Nos sentamos en el tronco otra vez.

– Según yo lo veo, tu problema se deriva de una promesa que hiciste de niña. Sí hiciste una promesa de niña, ¿verdad, Taisha? -preguntó, mirándome directamente a los ojos.

– No recuerdo haber hecho ninguna promesa -contesté sinceramente.

Con tono amable Clara sugirió que tal vez no la recordaba porque la hice de muy pequeña o porque se trató más de un sentimiento que de una promesa articulada en voz alta. Clara explicó que de niños muchas veces hacemos votos y luego estamos obligados por estos votos, aunque ya no recordemos haberlos hecho.

– Este tipo de promesas impulsivas pueden costarnos la libertad -afirmó Clara-. A veces nos encontramos comprometidos por una absurda devoción infantil o por promesas de amor sin fin.

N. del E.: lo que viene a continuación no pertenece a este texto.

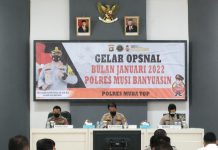 Hasil Evaluasi Kinerja, Polsek Keluang Mendapat dua Bendera Putih Smile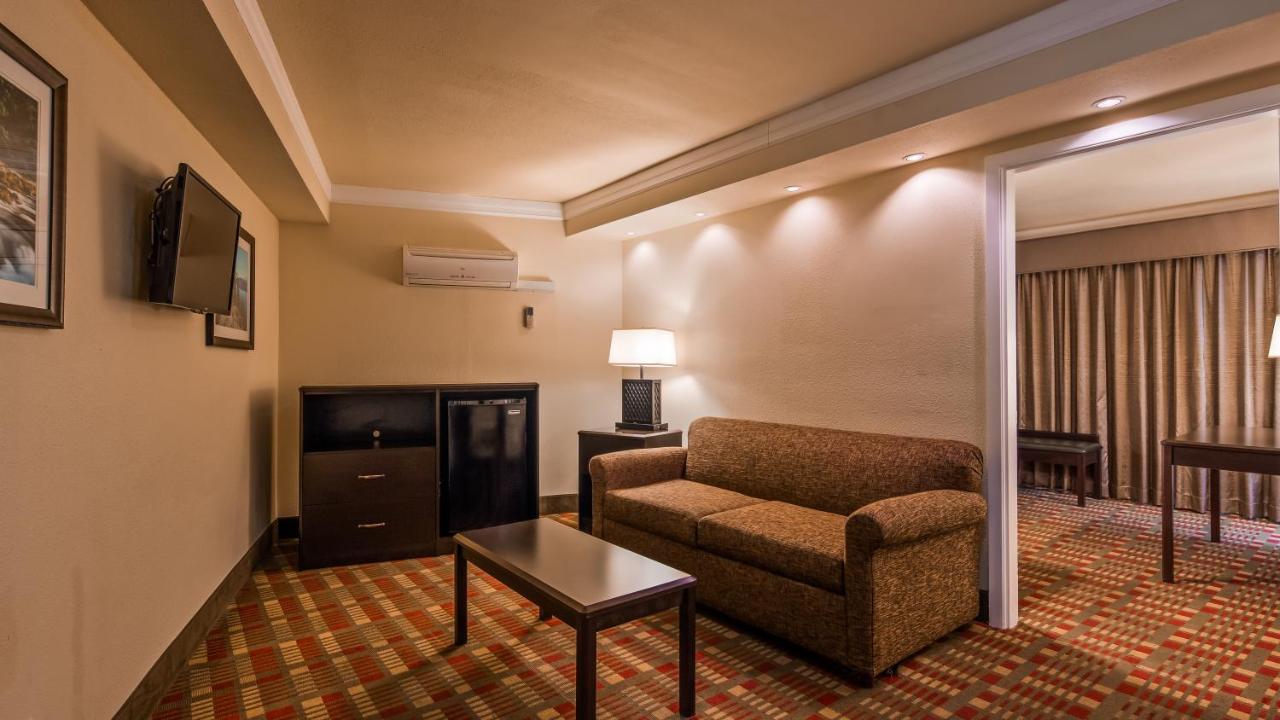 King Suite - Non-Smoking at Best Western Garden Villa Inn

Explicó que hay momentos en la vida de cada uno, especialmente en la temprana infancia, cuando deseamos algo con tal intensidad que automáticamente fijamos nuestro intento total en ello, el cual, una vez fijo, permanece en su lugar hasta que cumplamos nuestro deseo. Profundizó diciendo que los votos, los juramentos y las promesas comprometen nuestro intento, de modo que a partir del momento en que los hacemos nuestras acciones, sentimientos y pensamientos se dirigen de manera consistente hacia el cumplimiento o el mantenimiento de dichos compromisos, sin importar que recordemos o no haberlos contraído.

Me aconsejó que en la recapitulación repasara todas las promesas hechas por mí en mi vida, sobre todo las hechas en forma apresurada o bajo la influencia de la ignorancia o criterios erróneos. A menos que deliberadamente retirase mi intento de ellas, éste no se liberaría nunca para poder expresarse en el presente.

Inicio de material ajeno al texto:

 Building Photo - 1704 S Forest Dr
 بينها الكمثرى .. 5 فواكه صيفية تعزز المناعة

Traté de pensar en lo que estaba diciendo, pero mi mente sólo enfrentaba una masa de confusión. De repente recordé una escena de mi remota infancia. Debo haber tenido seis años. Quería que mi mamá me abrazara, pero me rechazó con un empujón, diciéndome que estaba muy grande para los mimos y que fuese a limpiar mi cuarto. Pero siempre mimaba al menor de mis hermanos, que era cuatro años mayor que yo y el preferido de mi madre. Entonces juré que no amaría ni volvería a acercarme a ninguno de ellos. Y desde ese día parecía haber cumplido la promesa, manteniéndome siempre distanciada de ellos.

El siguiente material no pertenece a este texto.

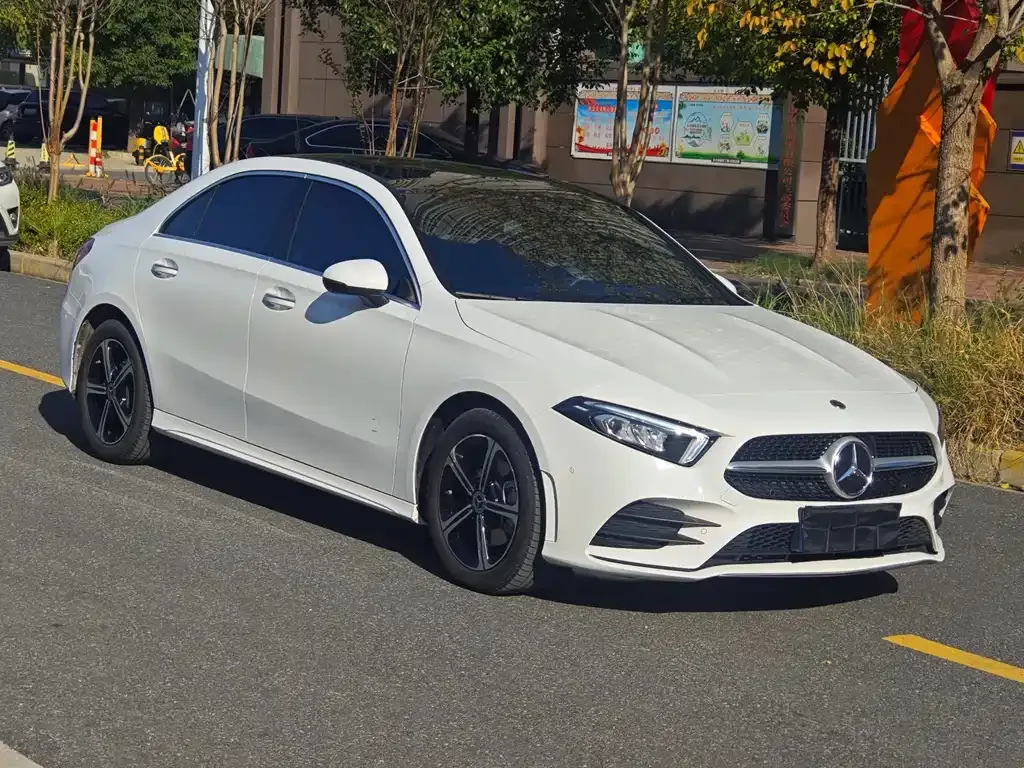 Mercedes-Benz A-Class 2023 из CN, фото 3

– Si es cierto que no te querían -indicó Clara-, es tu destino el no ser querida por tu familia. ¡Acéptalo! Además, ¿qué importa ahora que te hayan querido o no?

Aún importaba, pero no se lo dije a Clara.

– También yo tuve un problema muy parecido al tuyo -prosiguió Clara-. Siempre estuve consciente de ser una muchacha sin amigos, gorda y desdichada, pero a través de la recapitulación averigüé que mi madre deliberadamente me había engordado desde el día en que nací. Según sus razonamientos, una muchacha gorda y fea no se va nunca de la casa; se queda ahí, como una sirvienta para toda la vida.

Quedé horrorizada. Era la primera vez que Clara me revelaba algo acerca de su pasado.

– Acudí a mi maestro, definitivamente el mejor maestro que uno pudiese tener, para pedirle su consejo al respecto -continuó-. Y él me dijo: "Clara, te compadezco, pero estás perdiendo el tiempo porque entonces fue entonces: ahora es ahora. Y ahora sólo hay tiempo para la libertad."

– Verás, sinceramente estaba convencida de que mi madre me había arruinado para toda la vida; yo era una gorda que no podía dejar de comer. Tardé mucho tiempo en comprender el significado de "Entonces fue entonces: ahora es ahora. Y ahora sólo hay tiempo para la libertad."

Clara guardó silencio por un momento, como para permitir que el impacto de sus palabras surtiera efecto en mí.

– Sólo tienes tiempo para luchar por la libertad, Taisha -indicó, dándome un empujoncito-. Ahora es ahora.